The nagging issue is that even though companies have to ship vinyl chloride and other chemicals around by train and truck, it’s still much cheaper to create more virgin plastic than to improve recycling infrastructure. In fact, the US now recycles just 5 percent of its plastic waste, according to Beyond Plastics and other groups. (Germany, by contrast, recycles half its plastic.) Meanwhile, America exports billions of pounds of plastic waste each year to countries like Malaysia and Vietnam, where it’s often burned in open pits, poisoning surrounding communities. Every day there, it’s basically an East Palestine train fire.

Humanity is now churning out a trillion pounds of plastic a year, and production could triple from 2016 levels by 2050, according to the World Economic Forum. By then, annual emissions from the industry will be the equivalent of 615 coal-fired power plants.

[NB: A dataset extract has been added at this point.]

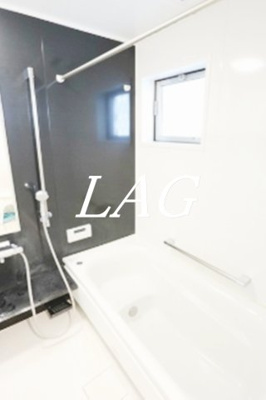 【浴室】 | 錦町１丁目戸建て | お風呂です。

Plastic is absurdly cheap—on paper. But that doesn’t factor in the environmental cost. At every point in plastic’s life cycle—from production to use to disposal—the material is poison, for people and the planet. “When I talk to restaurant owners about why they're continuing to use single-use plastics, the first thing they say is: Because it's cheap,” says Enck. “But who pays? Don't tell people in East Palestine that plastics are cheap.”